This measure considers a particular representation of a phoneme only in relation to other representations of that phoneme. Percentage values for all representations of the phoneme total 100%.

Table 3 shows the values for the /e/ phoneme (as in den /den/). This phoneme represents 3.36% of all the phonemes in the sample. The most common alphabetic representation is E, and this is found in 90% of cases (PhR value of E representation for /e/ phoneme). The rare form AI has a PhR value of 0.6%.

2.ii Representation as a proportion of all phonemes in the LOB sample (PhT).

This measure is necessary because phonemes occur at different frequencies, and the difference between the most common phonemes (/ɩ/ at 10%) and least common (/ʒ/ at 0.1%) is considerable. In terms of the total number of phonemes in the sample, an infrequent form of a common phoneme may be encountered more often than the usual representation of a less common phoneme. The percentage values for PhT for a particular phoneme will add up to the frequency of that phoneme in the total sample. Table 3 illustrates this: the total for PhT is 3.36%, which represents the frequency of the /e/ phoneme in the total sample.

Knowing the frequency of each form of representation for each phoneme allows an average phonetic value to be calculated for each word. This value can be calculated for both PhR and PhT (see Tables 1 & 2).

In addition, particularly unusual phonemic representations can be identified. In the case of the data for 7-year-olds, the most infrequent form of representation was determined within each word, giving a value for the 'tricky' phonemes, in terms of PhR values, eg, /ɒ/ as represented by AU only occurs in 0.32% of cases and is the trickiest phoneme representation in the word because, since all the other representations have a higher value than this.

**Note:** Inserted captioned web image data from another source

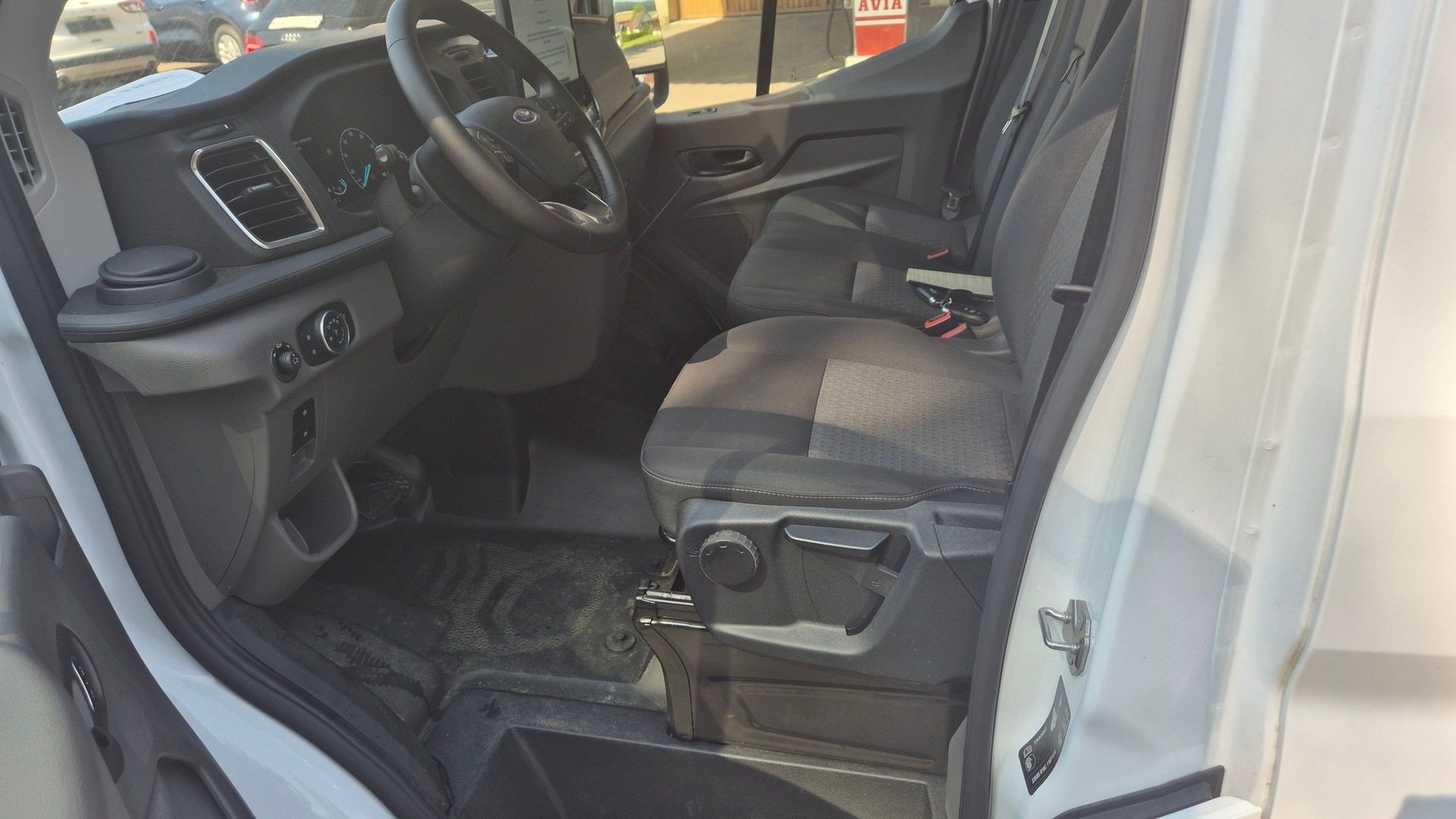 FORD E-Transit 350 L3 Trend RWD 68kWh-image-6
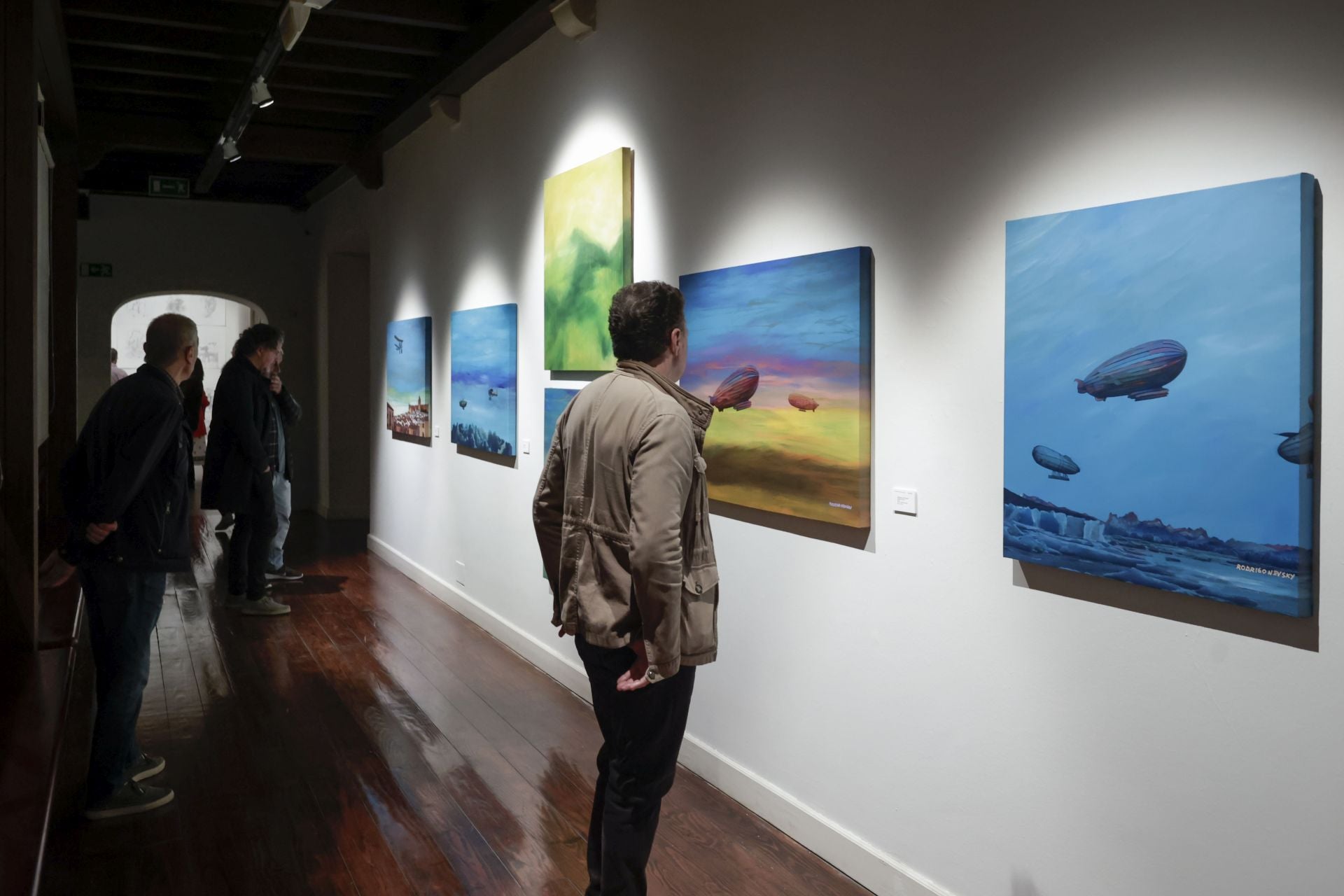 Inauguración de la exposición Entrearte en el palacio de Revillagigedo de Gijón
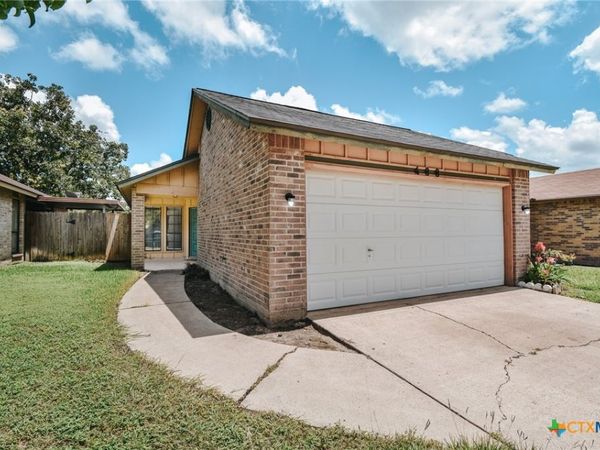 408 Waterford Drive , Victoria, TX 77901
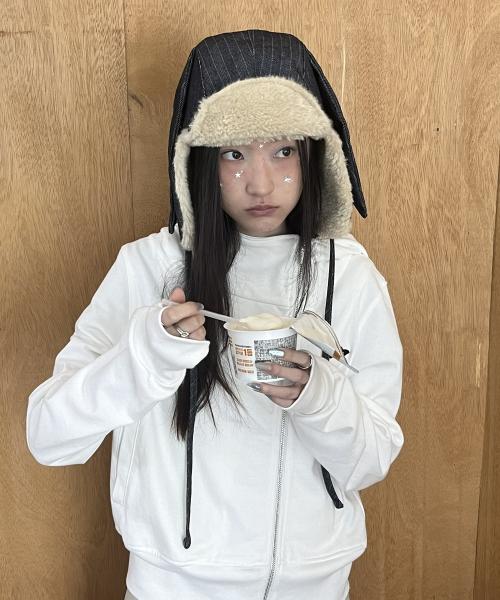송이송이X탄산 혼 아플리케 사이드 지퍼 후드집업 (화이트)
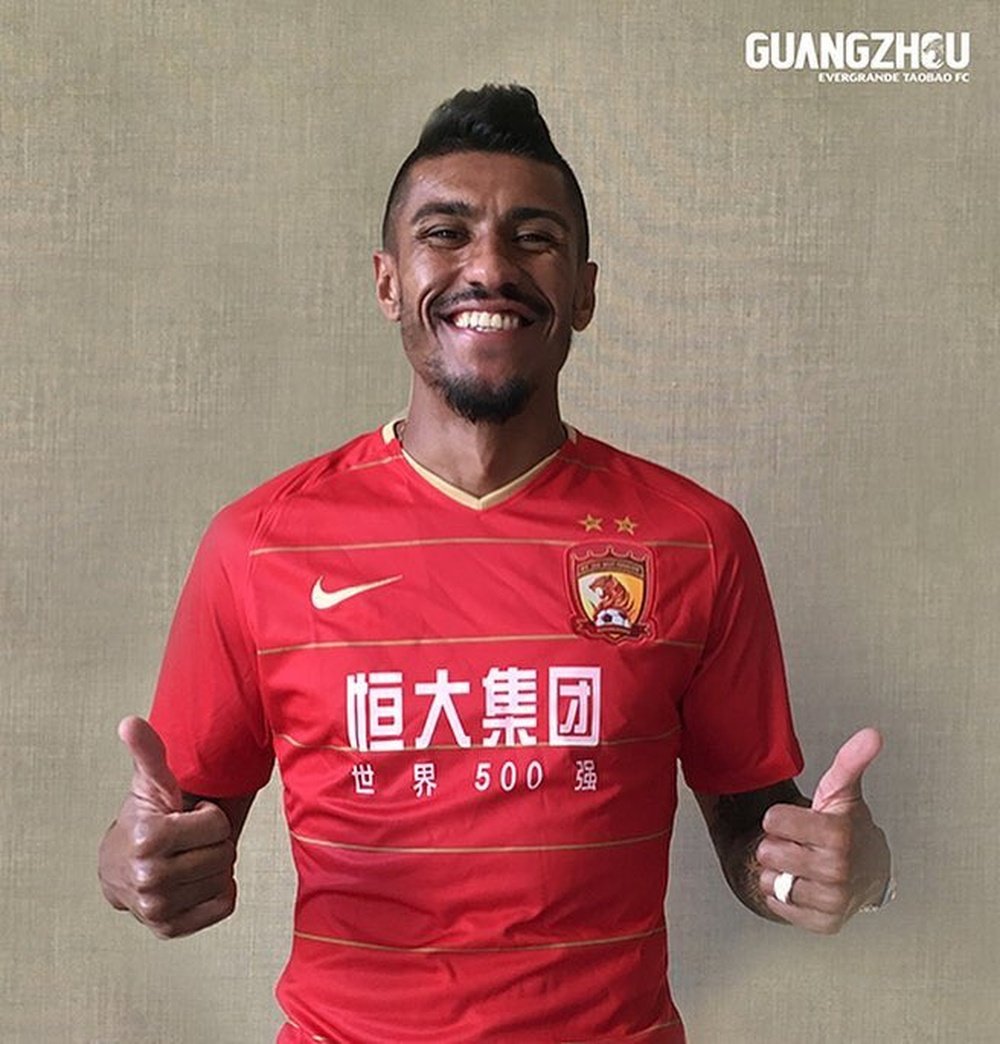 Surprised Flat Viva Paulinho ya posó con la camiseta del Guangzhou Evergrande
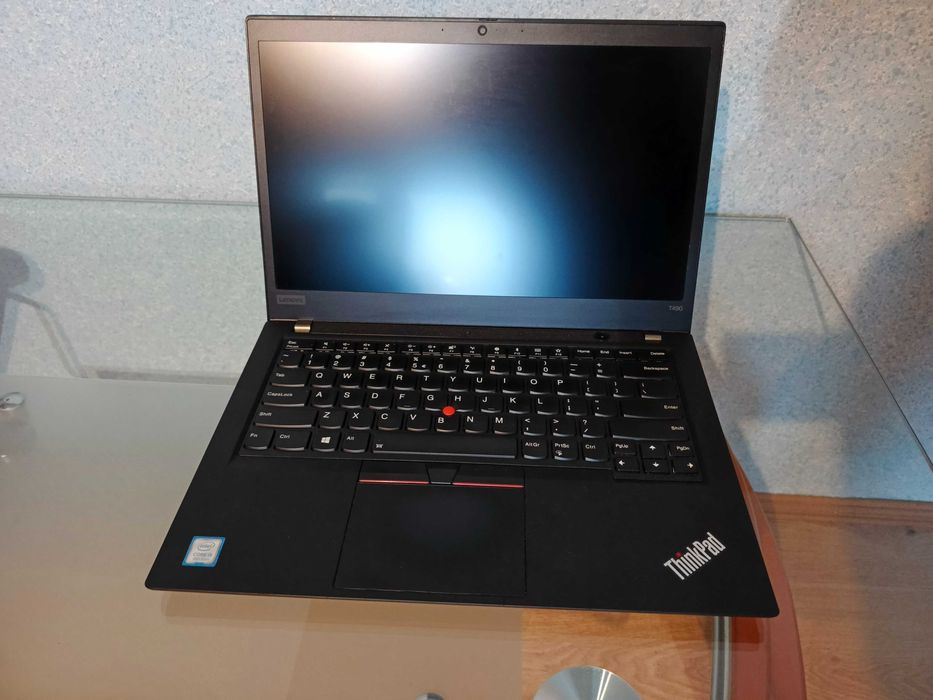 Laptop Lenovo T490 i5 Win11 podświetlenie super bateria ok 12h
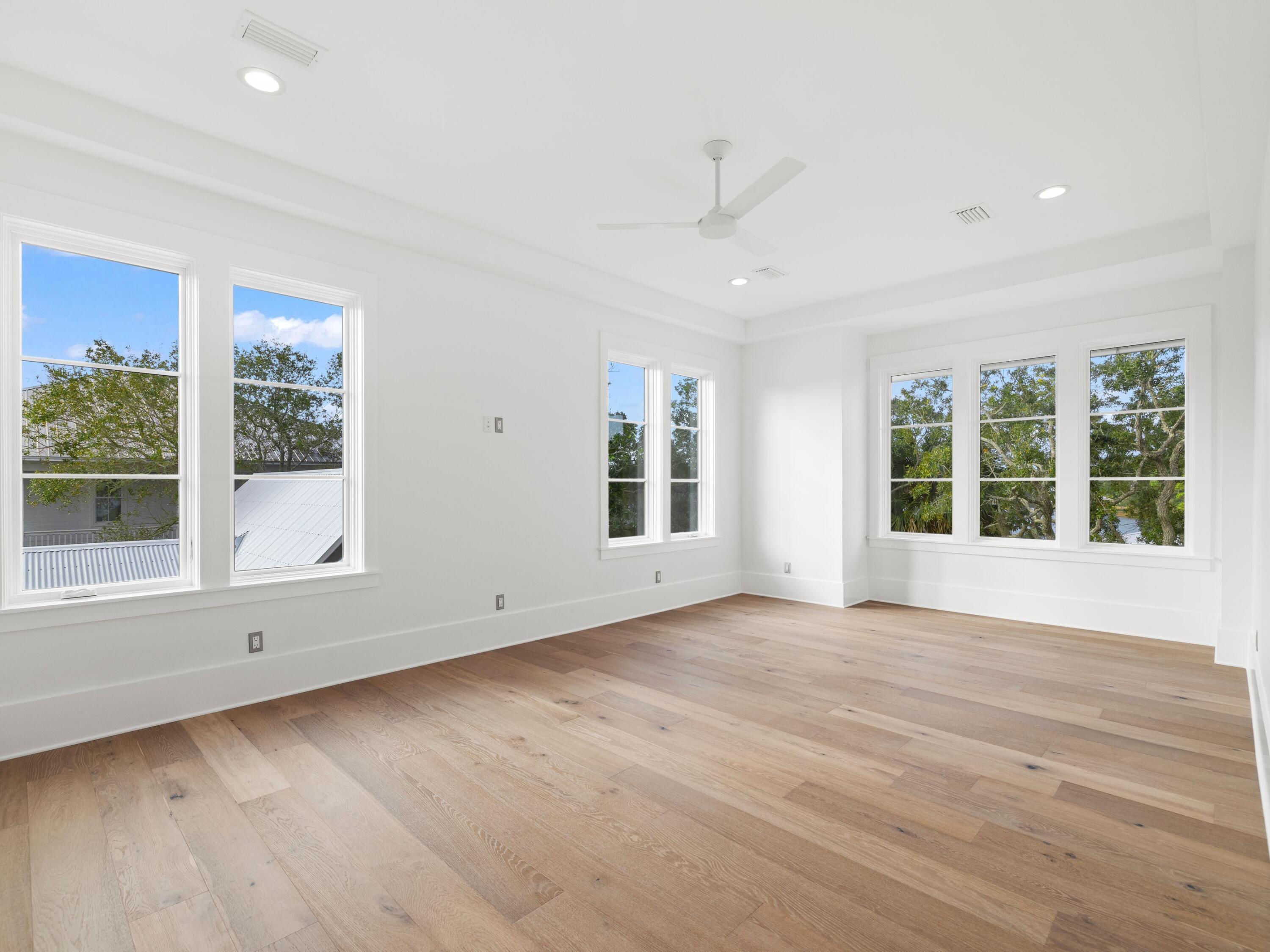 59 Arboleda Drive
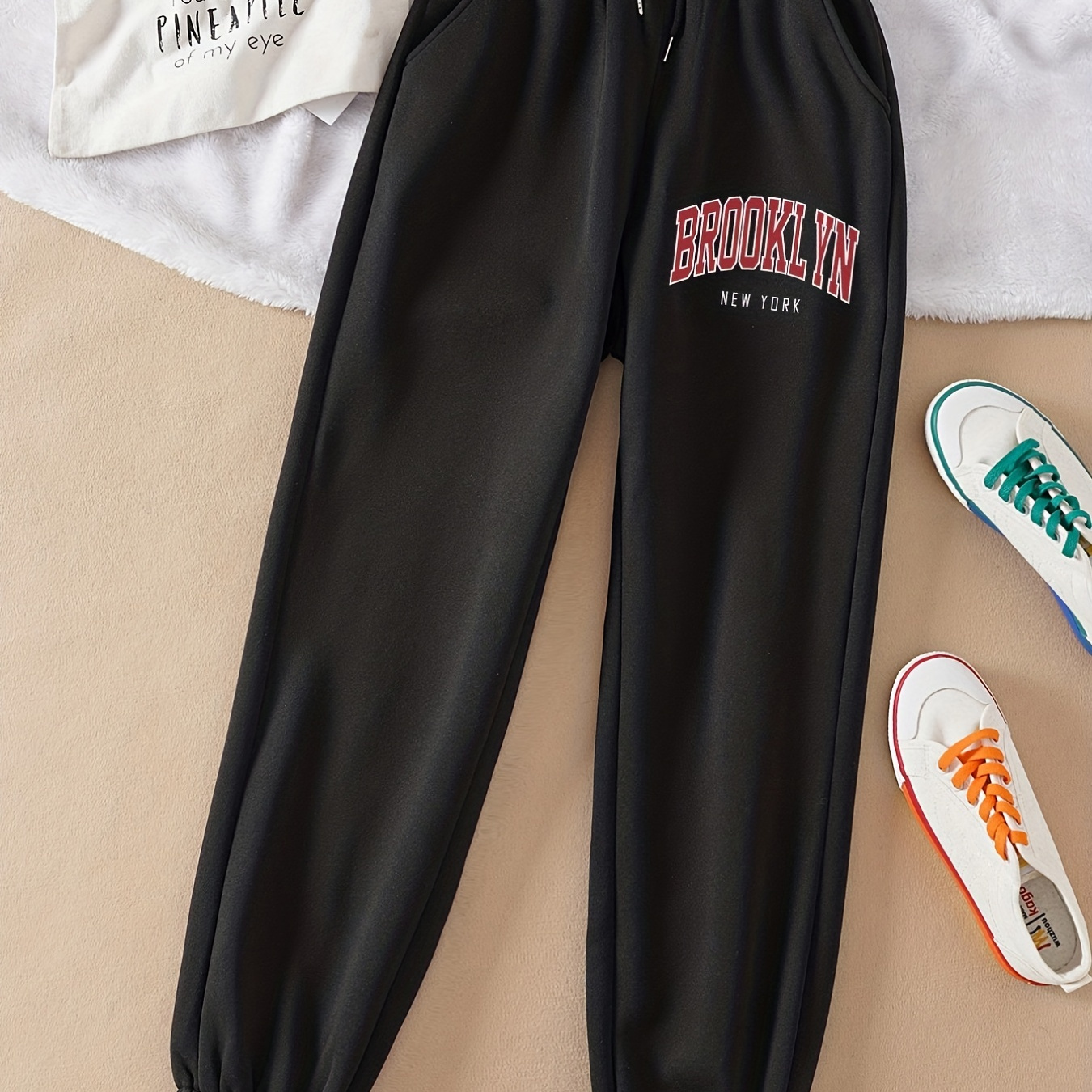 Women's Letter Print - Black Polyester Sweatpants With Pockets, Waistband, Machine Washable, Ideal For Fall/winter
Women's Letter Print - Black Polyester Sweatpants With Pockets, Waistband, Machine Washable, Ideal For Fall/winter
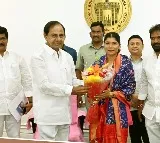 CM KCR announces Rs 2 crore for boxer Nikhat Zareen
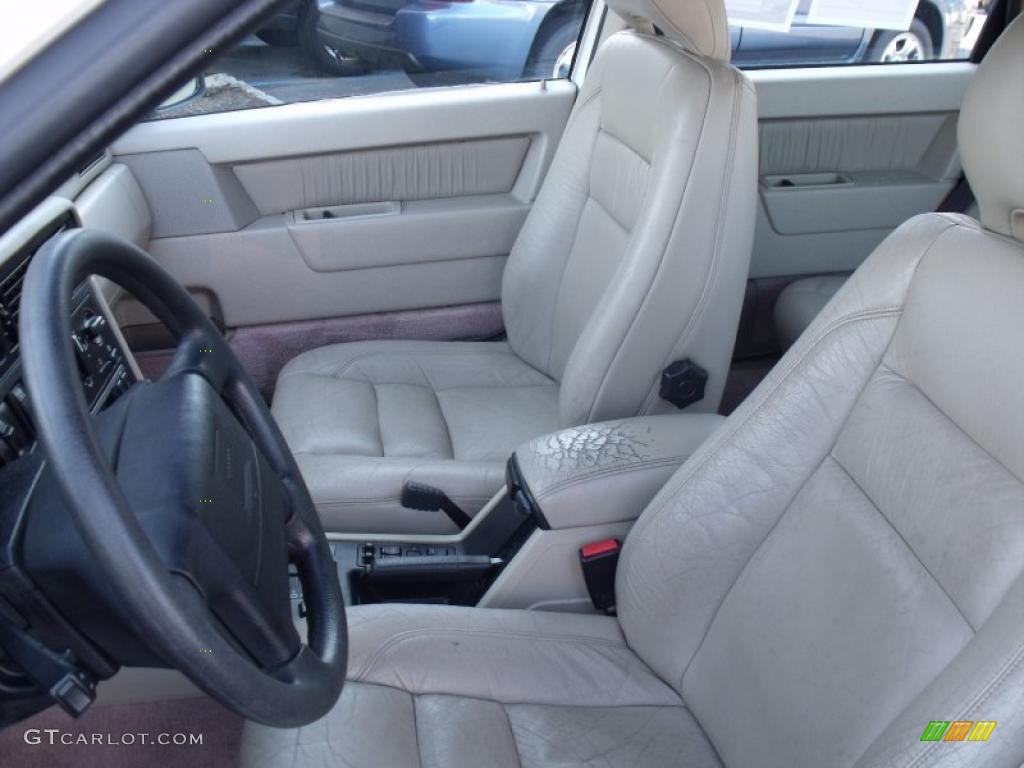 1995 850 Sedan - White / Taupe photo #9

4.3 Frequency of the word.


The frequency of word occurrence also seems likely to influence the spelling and reading of words: the more common a word, the more likely it is that the form will be internalized by the learner. The LOB corpus provides an ordered list of the most common 7,000 words. The total number of occurrences of a word within the entire corpus (1,000,000 words) is also given; this absolute frequency was used as a factor in the analysis.

4.4 Spelling scores and probabilities.


The spelling test for 7 year-olds (Key Stage 1) was taken by 1,184 children working at level 2 from SCAA's Schools Sampling Project, a national representative sample of schools taking part in a longitudinal monitoring survey. The test for 11-year-olds (Key Stage 2) was taken by 1,500 pupils from the University of Bath's sample for the 1996 Standard Assessment Tasks (SATs). The data available from SCAA were in the form of percentage correct scores for each word. This score was converted to a probability value for use in the regression analysis. The following formula was used:

Log 10 (probability right/probability wrong).

5. Analysis of data.

The analysis of the data was undertaken with the multiple regression module in the Statistical Package for the Social Sciences (SPSS, version 6.1.1 for Macintosh computers). Regression methods utilize the presence of an association between two variables to predict the values of one from those of another. The regression analysis attempts to predict the spelling behaviour of the two age groups from characteristics (frequency, length, phoneticity) of the words.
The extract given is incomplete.